Assignment =
I'd like an exact copy of only the lines from the start of the listing below through the line that holds "Women Breathable Nylon". Please keep the pictures out.

........

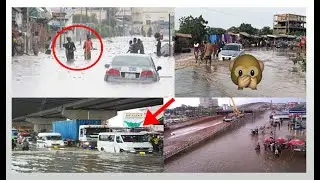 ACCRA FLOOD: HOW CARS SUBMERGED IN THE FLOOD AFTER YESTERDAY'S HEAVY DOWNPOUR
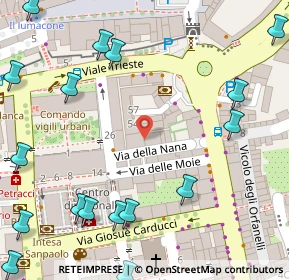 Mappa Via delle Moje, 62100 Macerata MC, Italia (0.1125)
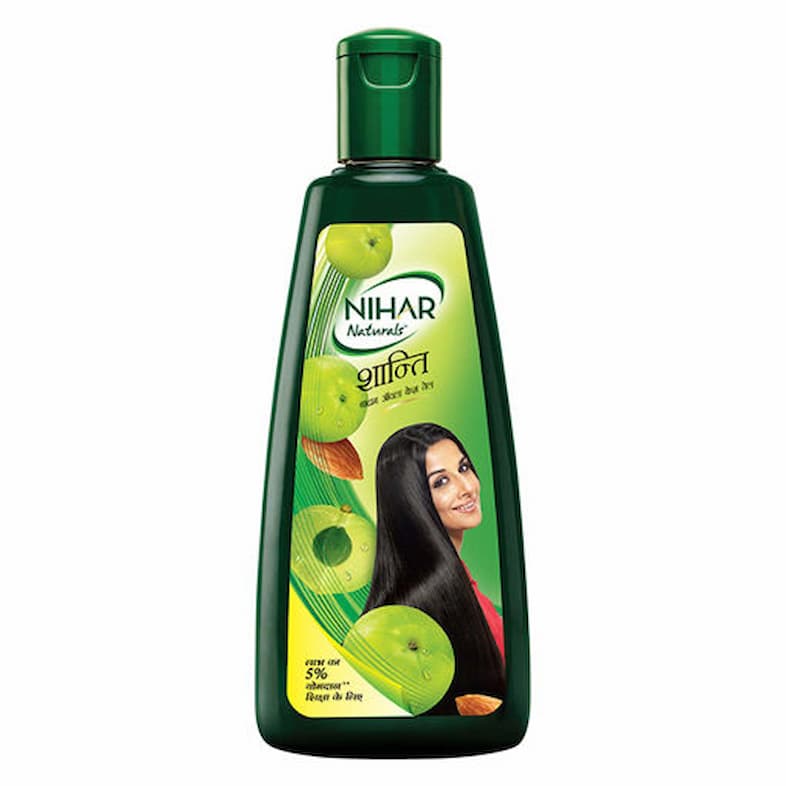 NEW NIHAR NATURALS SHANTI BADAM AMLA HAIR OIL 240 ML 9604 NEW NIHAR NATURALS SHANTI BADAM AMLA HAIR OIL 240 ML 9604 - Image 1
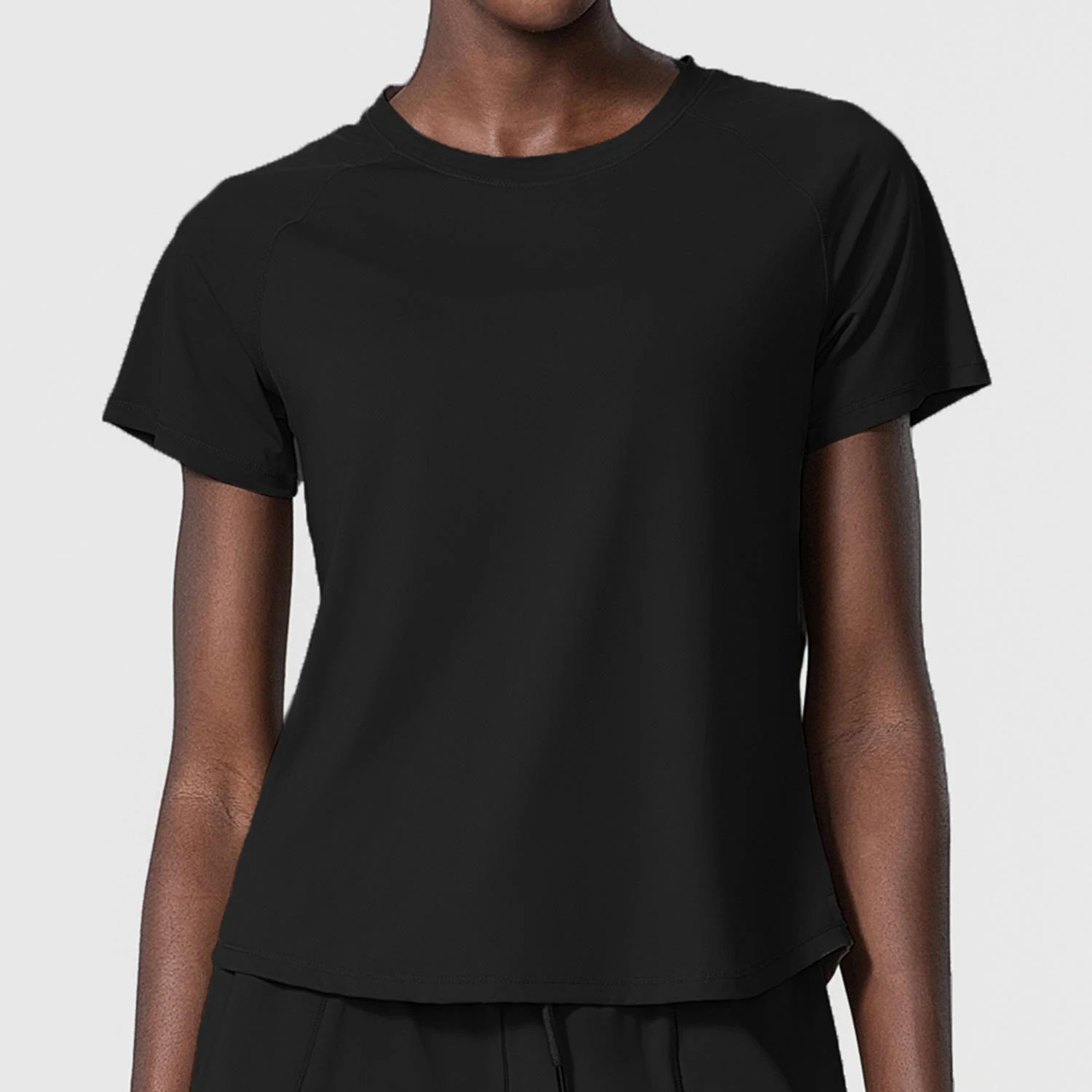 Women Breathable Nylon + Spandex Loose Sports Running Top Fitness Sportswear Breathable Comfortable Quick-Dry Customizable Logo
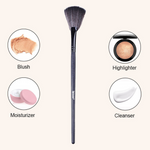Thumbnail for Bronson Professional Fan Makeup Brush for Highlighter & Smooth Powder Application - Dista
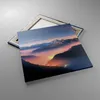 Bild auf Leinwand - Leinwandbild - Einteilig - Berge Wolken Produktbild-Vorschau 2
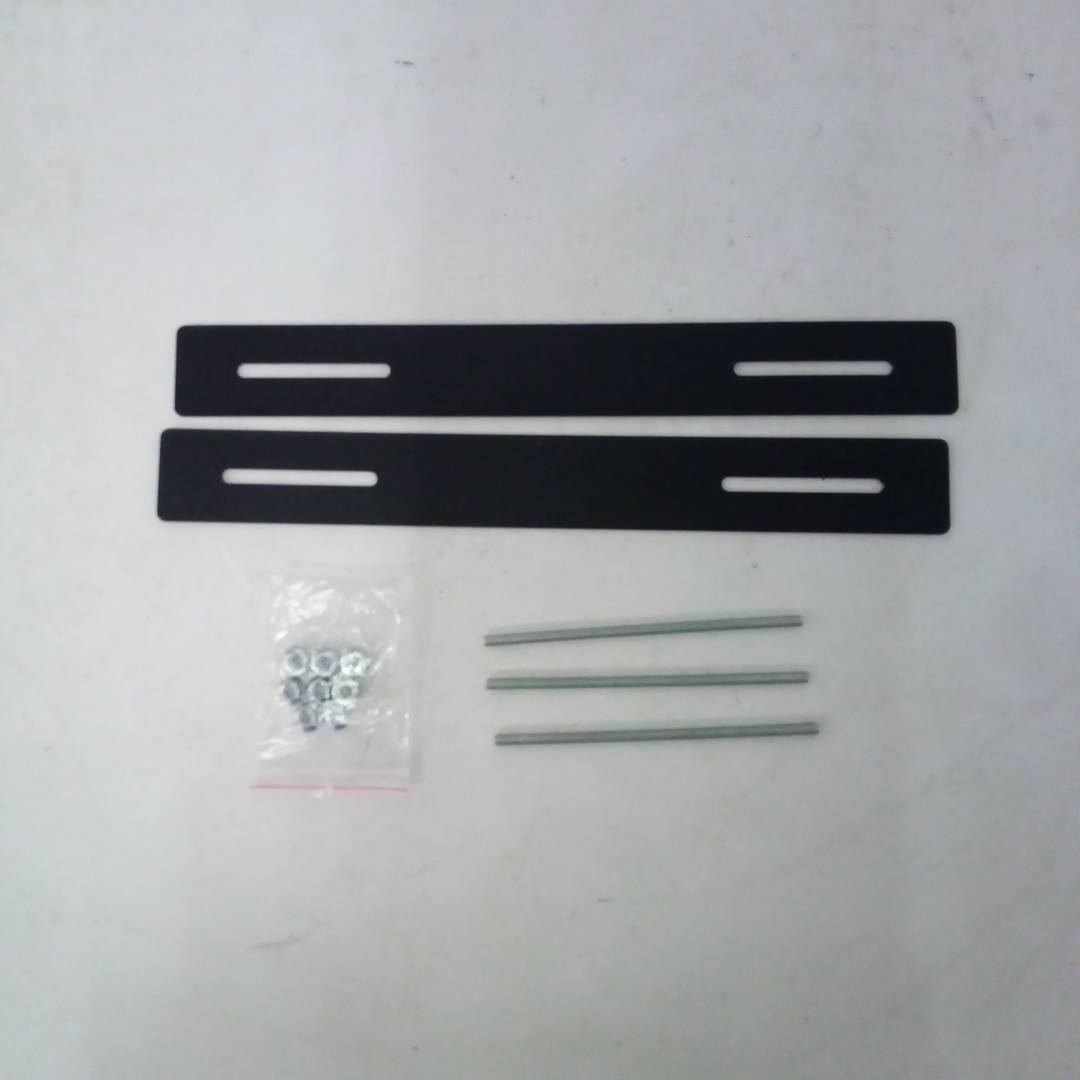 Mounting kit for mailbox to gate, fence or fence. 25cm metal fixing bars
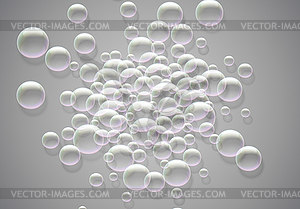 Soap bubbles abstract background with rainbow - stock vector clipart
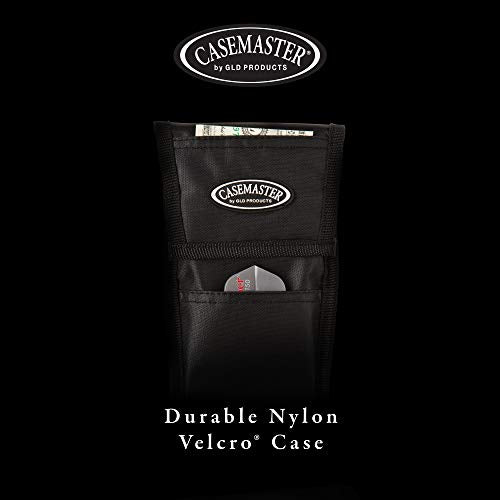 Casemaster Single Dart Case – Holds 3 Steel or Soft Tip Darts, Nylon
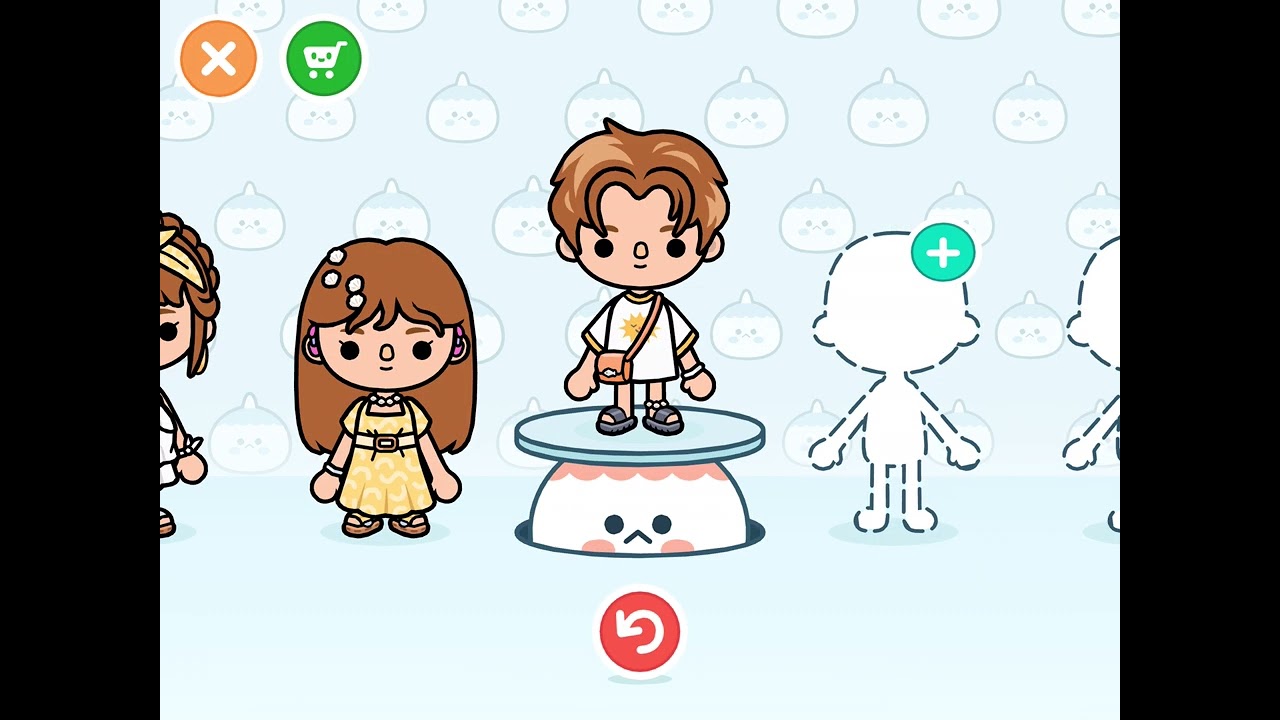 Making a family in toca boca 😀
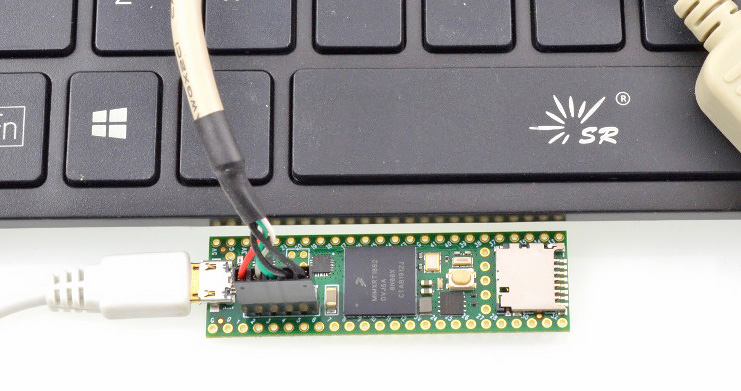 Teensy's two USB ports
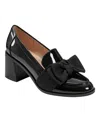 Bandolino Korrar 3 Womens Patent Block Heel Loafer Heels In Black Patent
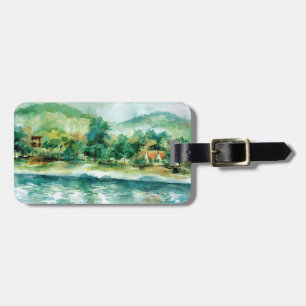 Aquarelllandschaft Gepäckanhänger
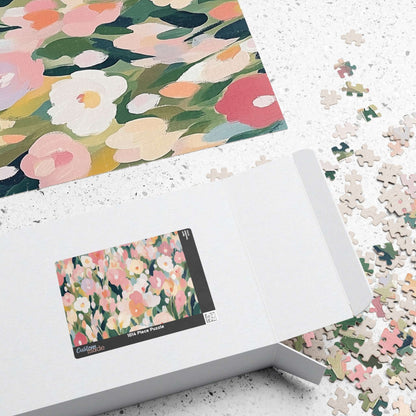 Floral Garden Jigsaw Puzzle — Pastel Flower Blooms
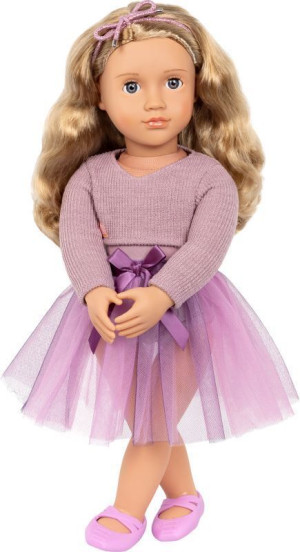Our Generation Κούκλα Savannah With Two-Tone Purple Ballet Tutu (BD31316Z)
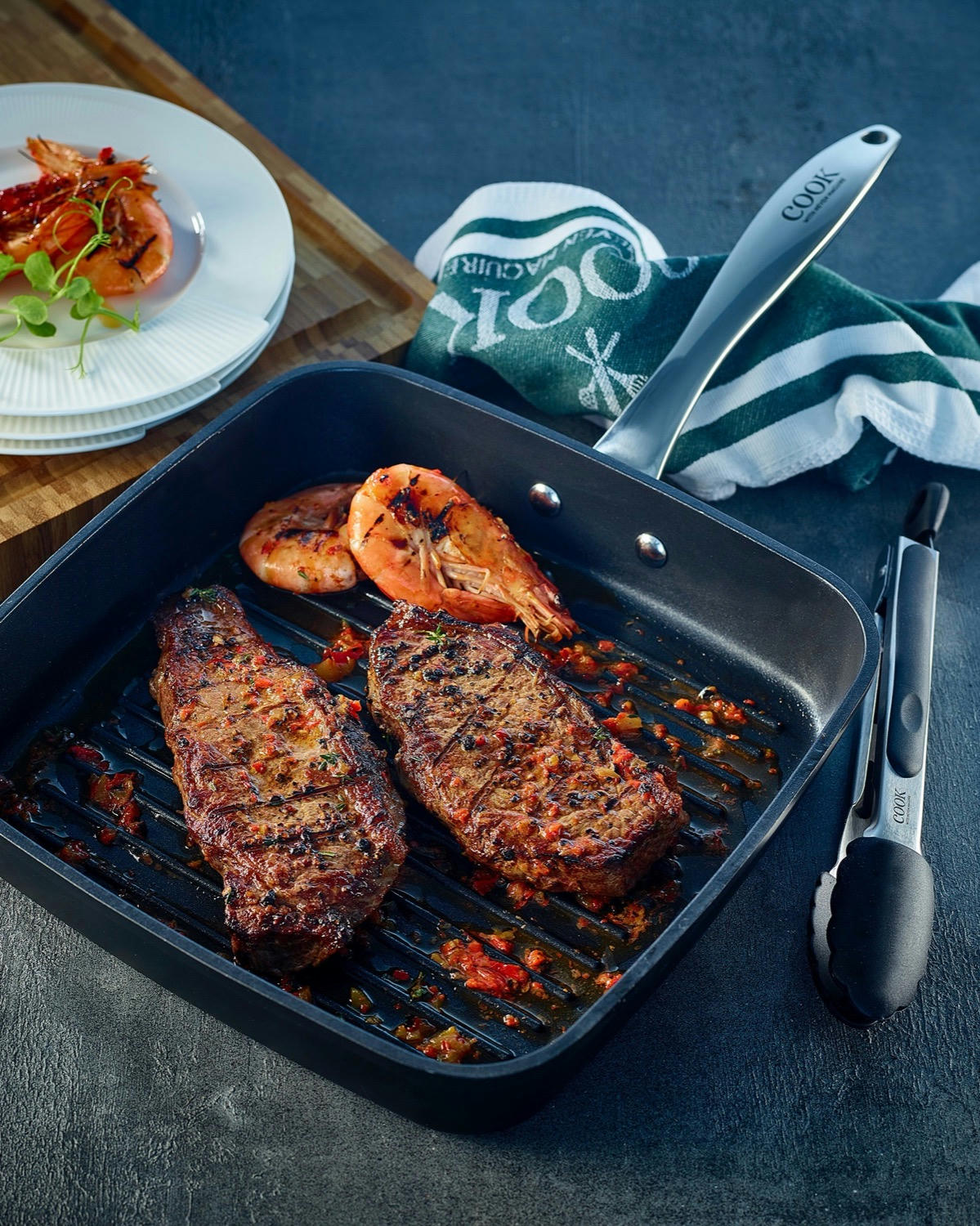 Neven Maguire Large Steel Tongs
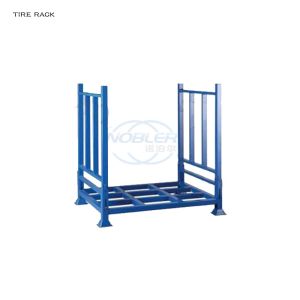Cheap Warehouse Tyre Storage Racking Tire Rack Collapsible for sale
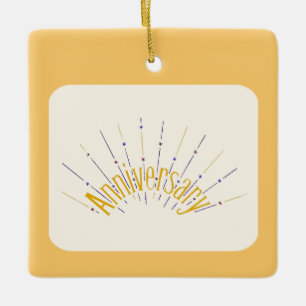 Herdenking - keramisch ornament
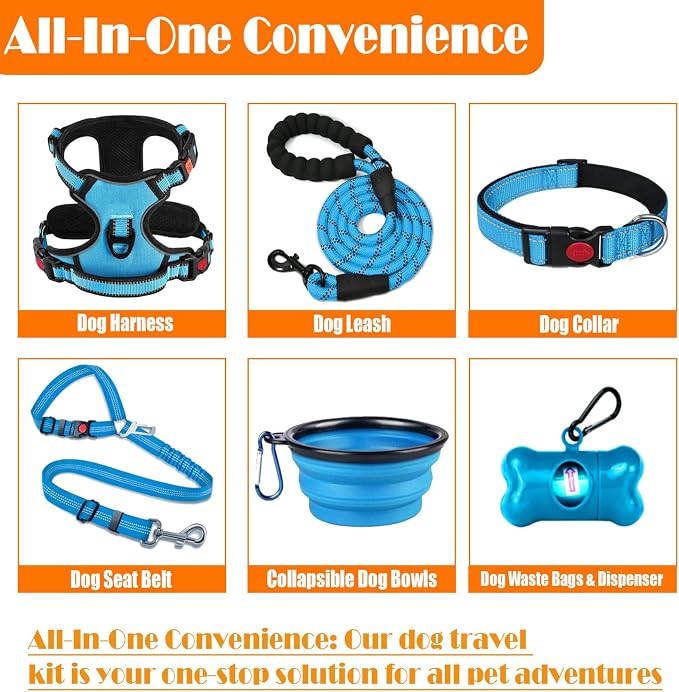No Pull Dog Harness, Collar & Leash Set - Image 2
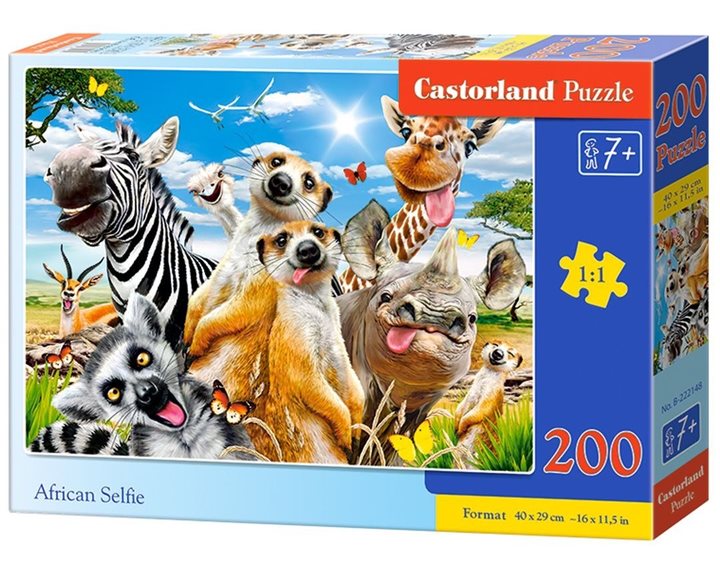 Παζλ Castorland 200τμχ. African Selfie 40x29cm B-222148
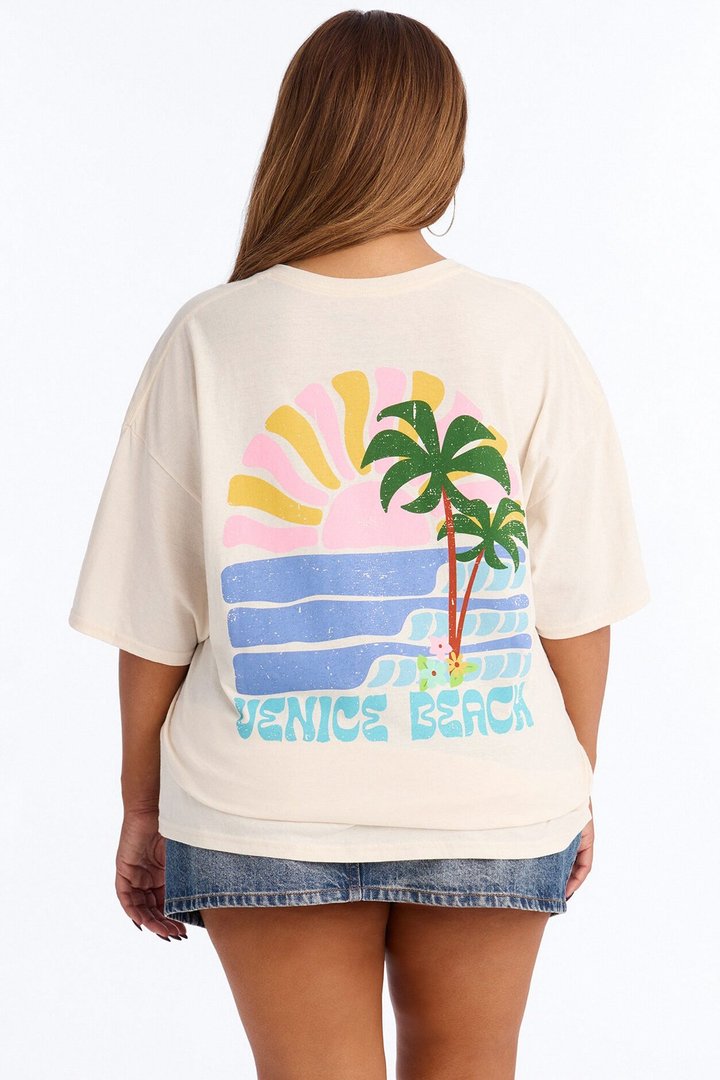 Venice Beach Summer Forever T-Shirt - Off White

........

Solution to this task =
 ACCRA FLOOD: HOW CARS SUBMERGED IN THE FLOOD AFTER YESTERDAY'S HEAVY DOWNPOUR
 Mappa Via delle Moje, 62100 Macerata MC, Italia (0.1125)
 NEW NIHAR NATURALS SHANTI BADAM AMLA HAIR OIL 240 ML 9604 NEW NIHAR NATURALS SHANTI BADAM AMLA HAIR OIL 240 ML 9604 - Image 1
 Women Breathable Nylon + Spandex Loose Sports Running Top Fitness Sportswear Breathable Comfortable Quick-Dry Customizable Logo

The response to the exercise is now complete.